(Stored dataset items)

++++++++++++++++++++

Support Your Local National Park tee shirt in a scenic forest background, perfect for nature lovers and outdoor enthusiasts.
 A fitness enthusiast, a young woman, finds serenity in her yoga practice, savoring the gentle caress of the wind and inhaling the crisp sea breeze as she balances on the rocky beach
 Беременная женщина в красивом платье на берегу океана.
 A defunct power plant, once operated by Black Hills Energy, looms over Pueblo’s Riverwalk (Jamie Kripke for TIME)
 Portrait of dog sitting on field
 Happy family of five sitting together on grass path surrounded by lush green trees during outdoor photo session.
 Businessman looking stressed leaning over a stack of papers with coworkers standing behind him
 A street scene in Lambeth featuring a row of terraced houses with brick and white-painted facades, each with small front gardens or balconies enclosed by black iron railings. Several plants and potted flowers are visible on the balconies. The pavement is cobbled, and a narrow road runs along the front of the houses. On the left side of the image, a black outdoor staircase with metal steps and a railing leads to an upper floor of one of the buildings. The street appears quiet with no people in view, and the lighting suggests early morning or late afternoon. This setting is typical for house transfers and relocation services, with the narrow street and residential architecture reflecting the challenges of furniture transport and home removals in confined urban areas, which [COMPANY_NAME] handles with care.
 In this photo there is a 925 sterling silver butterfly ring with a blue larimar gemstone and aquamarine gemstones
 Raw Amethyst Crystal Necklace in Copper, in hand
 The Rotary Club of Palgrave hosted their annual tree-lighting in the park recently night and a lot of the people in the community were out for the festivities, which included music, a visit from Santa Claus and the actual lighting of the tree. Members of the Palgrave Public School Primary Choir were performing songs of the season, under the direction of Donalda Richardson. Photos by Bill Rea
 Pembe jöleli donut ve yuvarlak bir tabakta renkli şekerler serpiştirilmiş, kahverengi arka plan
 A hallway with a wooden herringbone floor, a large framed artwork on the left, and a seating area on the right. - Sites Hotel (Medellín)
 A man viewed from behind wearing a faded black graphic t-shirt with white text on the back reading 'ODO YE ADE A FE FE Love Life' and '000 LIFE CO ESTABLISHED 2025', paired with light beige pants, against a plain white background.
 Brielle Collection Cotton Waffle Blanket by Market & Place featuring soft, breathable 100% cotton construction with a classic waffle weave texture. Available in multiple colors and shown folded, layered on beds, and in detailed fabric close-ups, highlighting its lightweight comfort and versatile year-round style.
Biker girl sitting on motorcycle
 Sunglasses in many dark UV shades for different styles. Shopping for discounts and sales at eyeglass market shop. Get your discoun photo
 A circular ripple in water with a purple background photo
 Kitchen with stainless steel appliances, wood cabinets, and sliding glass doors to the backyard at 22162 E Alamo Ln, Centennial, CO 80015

++++++++++++++++++++

- _WHAT THE EXERCISE ASKS_:
Copy each line of the data that includes the word "left".

- _COMPLETED TASK_:
 A street scene in Lambeth featuring a row of terraced houses with brick and white-painted facades, each with small front gardens or balconies enclosed by black iron railings. Several plants and potted flowers are visible on the balconies. The pavement is cobbled, and a narrow road runs along the front of the houses. On the left side of the image, a black outdoor staircase with metal steps and a railing leads to an upper floor of one of the buildings. The street appears quiet with no people in view, and the lighting suggests early morning or late afternoon. This setting is typical for house transfers and relocation services, with the narrow street and residential architecture reflecting the challenges of furniture transport and home removals in confined urban areas, which [COMPANY_NAME] handles with care.
 A hallway with a wooden herringbone floor, a large framed artwork on the left, and a seating area on the right. - Sites Hotel (Medellín)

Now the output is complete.